Aim of the exercise = Word for word, copy out the data below, omitting pictures.

───── Supplied information

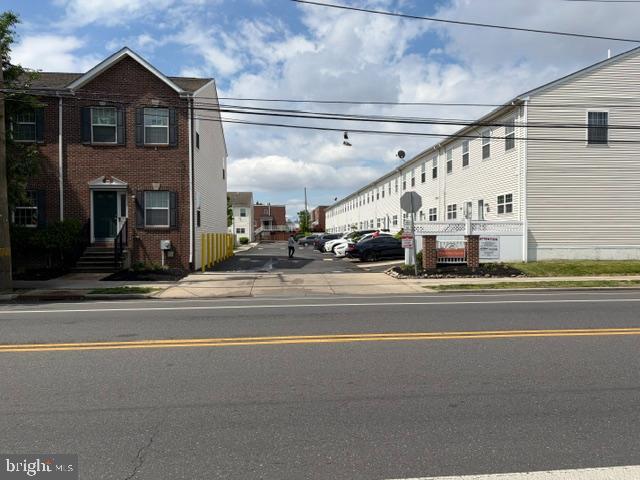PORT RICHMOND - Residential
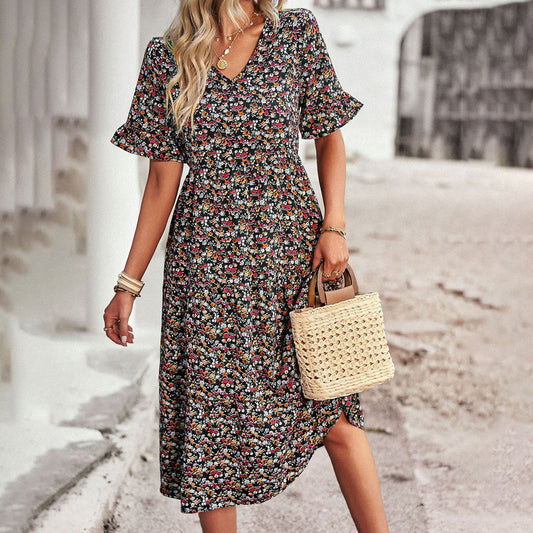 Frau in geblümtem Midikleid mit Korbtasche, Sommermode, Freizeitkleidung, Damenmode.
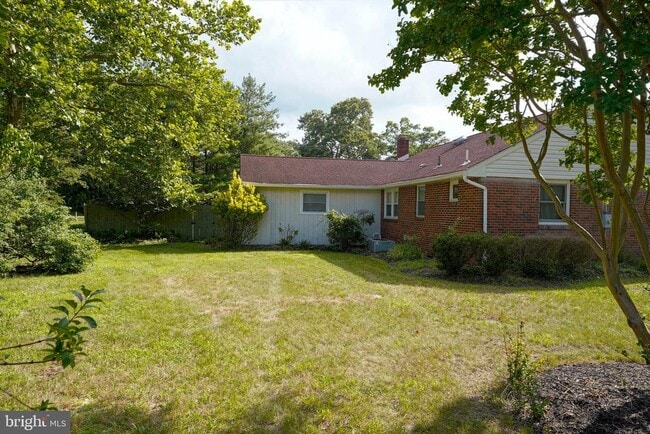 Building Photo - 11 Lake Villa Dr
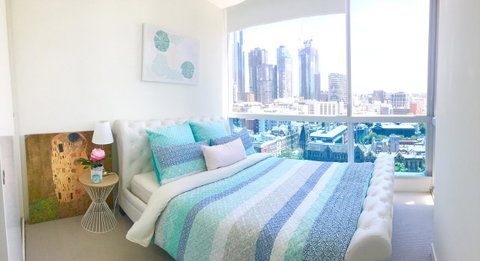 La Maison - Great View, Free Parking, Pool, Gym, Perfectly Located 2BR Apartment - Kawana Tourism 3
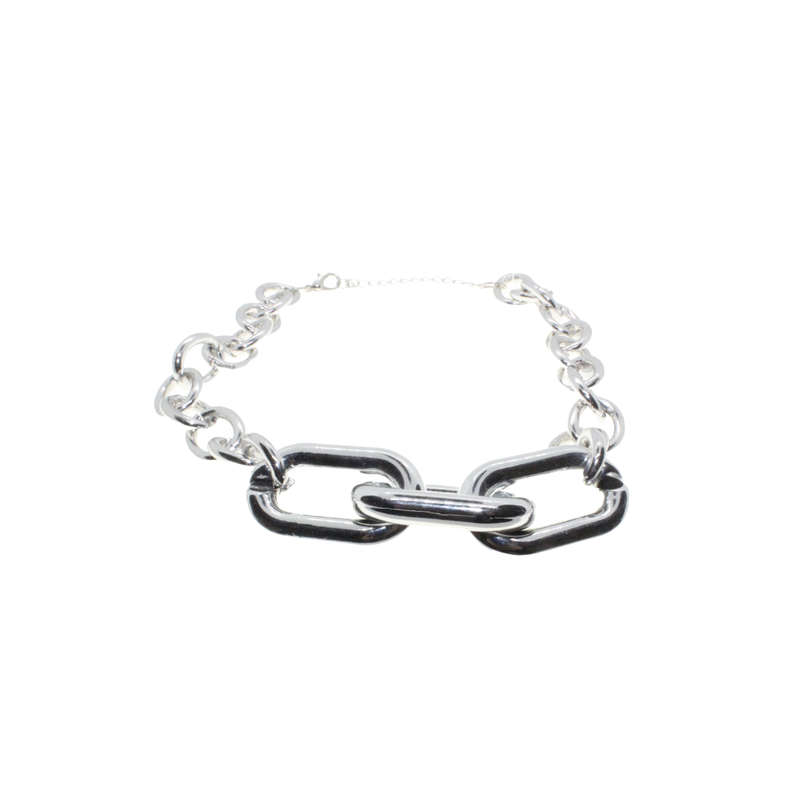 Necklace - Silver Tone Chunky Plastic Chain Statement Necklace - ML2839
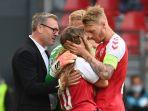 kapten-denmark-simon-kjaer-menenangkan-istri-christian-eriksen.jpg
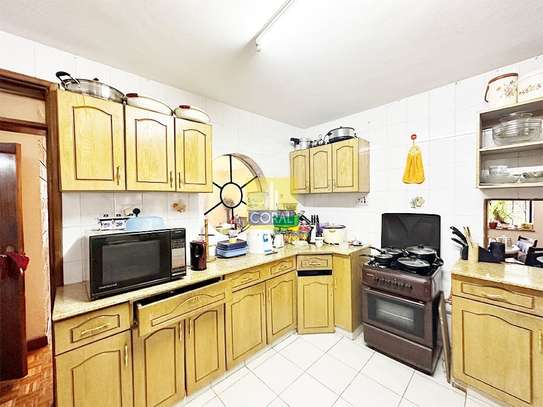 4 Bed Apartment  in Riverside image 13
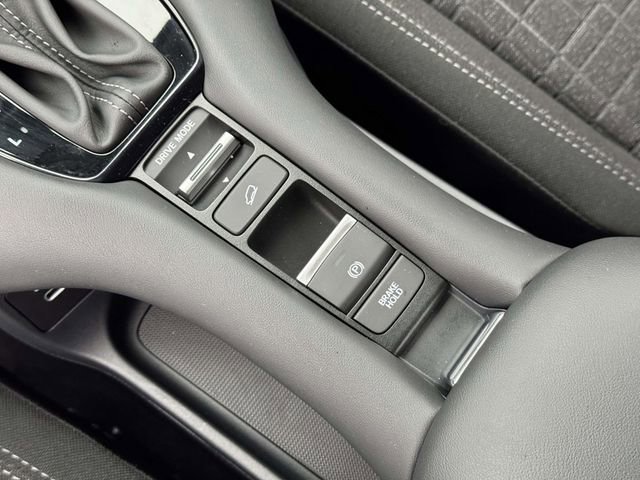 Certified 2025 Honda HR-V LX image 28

──────────

Result =
PORT RICHMOND - Residential
 Frau in geblümtem Midikleid mit Korbtasche, Sommermode, Freizeitkleidung, Damenmode.
 Building Photo - 11 Lake Villa Dr
 La Maison - Great View, Free Parking, Pool, Gym, Perfectly Located 2BR Apartment - Kawana Tourism 3
 Necklace - Silver Tone Chunky Plastic Chain Statement Necklace - ML2839
 kapten-denmark-simon-kjaer-menenangkan-istri-christian-eriksen.jpg
 4 Bed Apartment  in Riverside image 13
 Certified 2025 Honda HR-V LX image 28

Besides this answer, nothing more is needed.